# YOUR ASSIGNMENT
Output the lines of the listing below exactly, starting at the line containing "亚庇 Near Airport" and stopping after the last line, with any pictures dropped.

# SOURCE INFORMATION
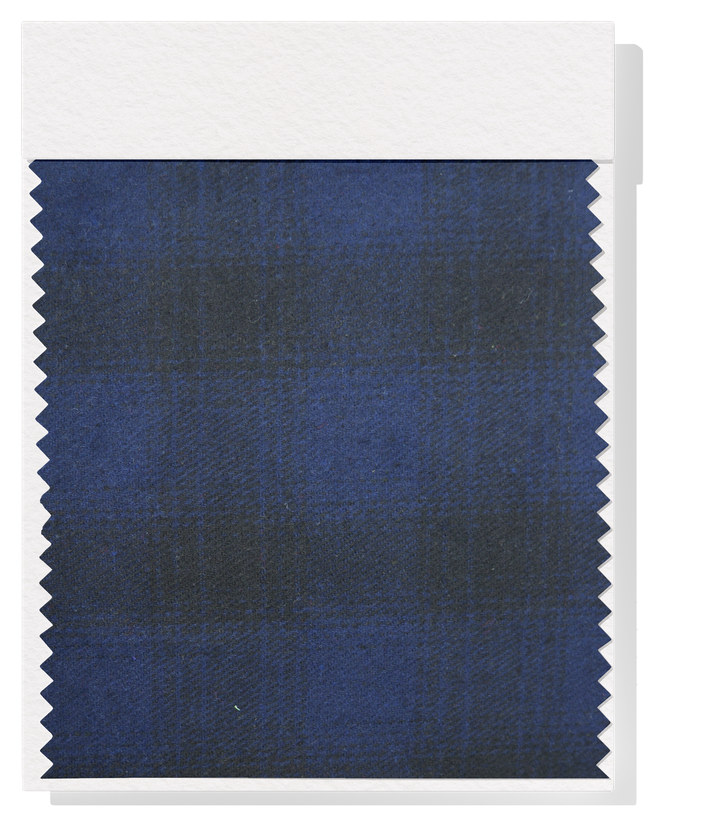 CHECKED WOOL $18.00P/M - Midnight Fade Check
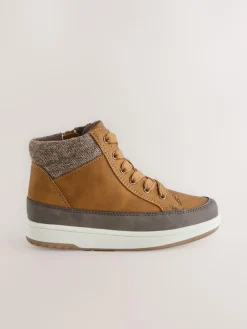 Next Warm Lined High Top Boots^BOY Boots|Boots
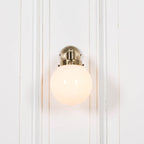 Brushed Gold Style Brass Wall light with Frosted Glass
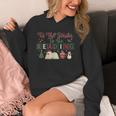 Xmas Books Tis The Season To Be Reading Book Lover Unisex Hoodie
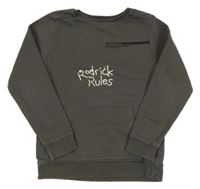 Šedá mikina s nápisy George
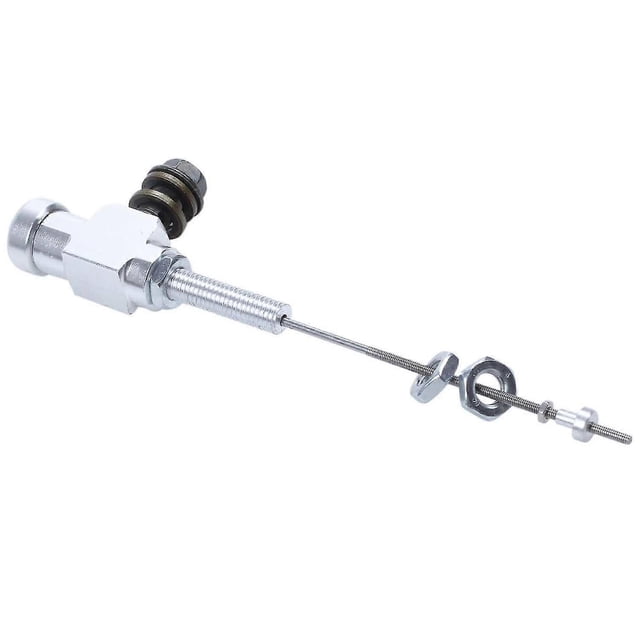 Motorcycle Hydraulic Clutch Master Cylinder Rod Brake Pump M10x1.25mm Aluminum Color: silver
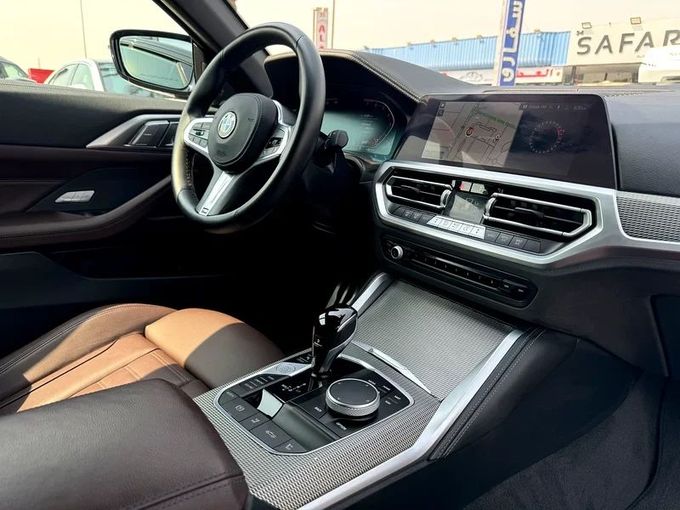 Подержанный BMW 4 Series 430i G22, G23, G26, 2.0 л, 2023 в Дубае от Nice Cars Motos Черный цвет. GCC | AUTO.AE
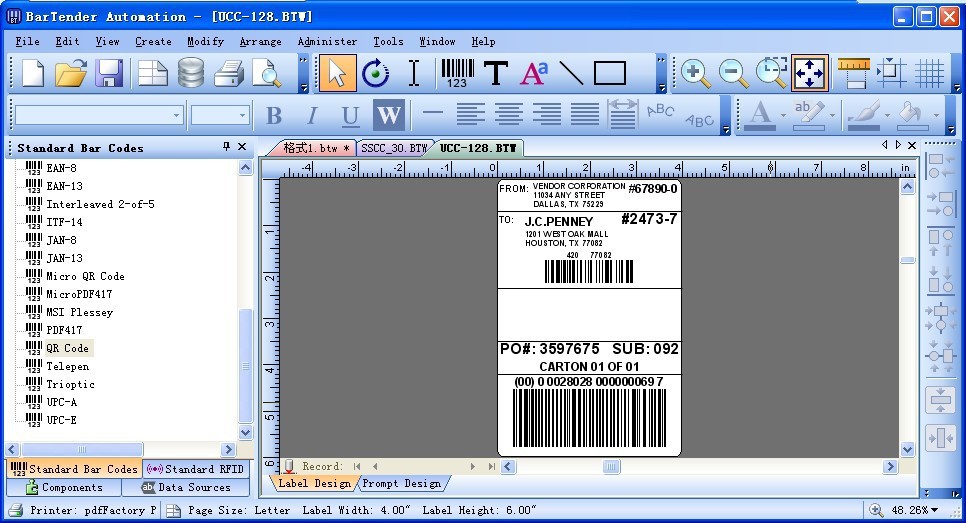 bartender label software for windows 7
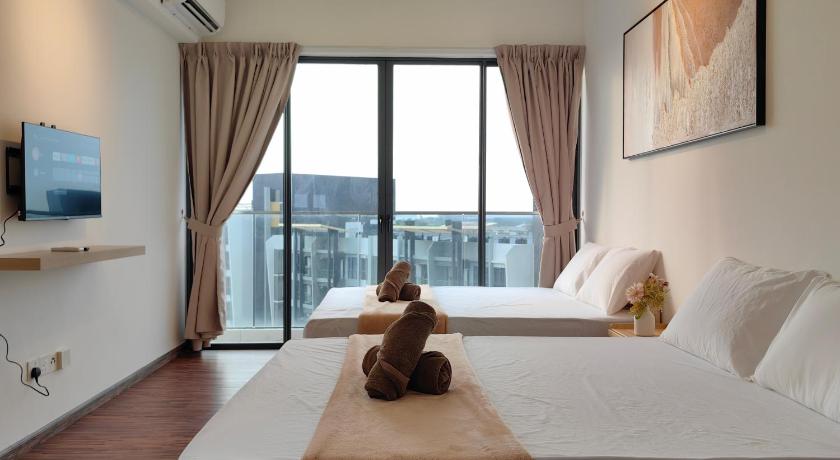 亚庇 Near Airport K Avenue Family Room 4星级 民宿 景观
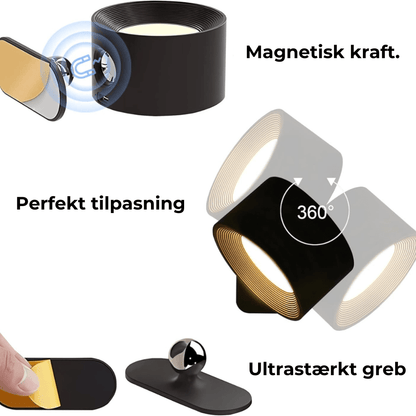 Draadloze Wandlamp Flexilight met Touch en 360 Rotatie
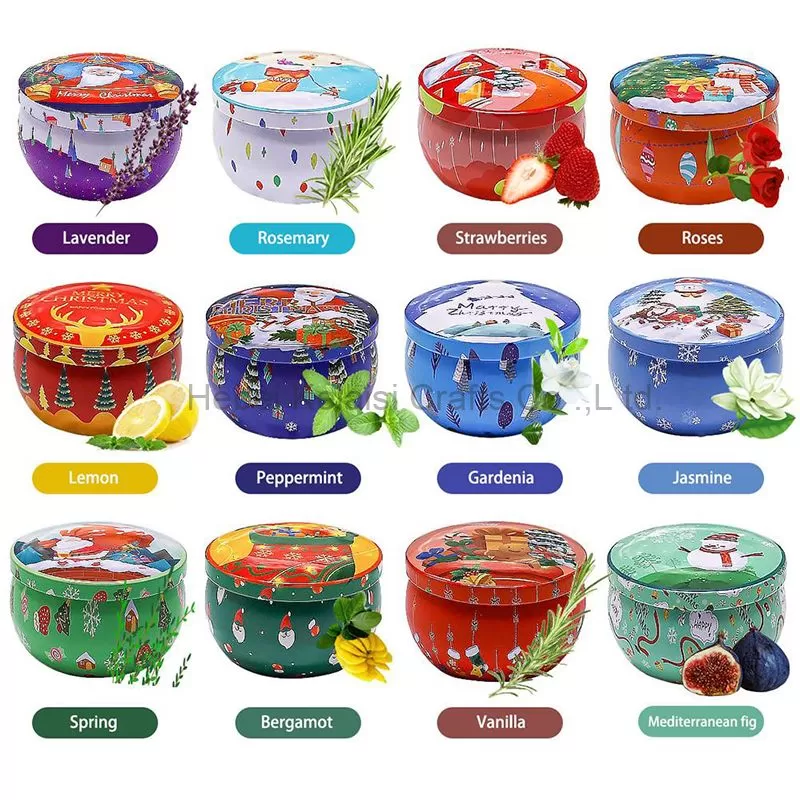 12 Packs scented candle gift set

# ANSWER BOX
 亚庇 Near Airport K Avenue Family Room 4星级 民宿 景观
 Draadloze Wandlamp Flexilight met Touch en 360 Rotatie
 12 Packs scented candle gift set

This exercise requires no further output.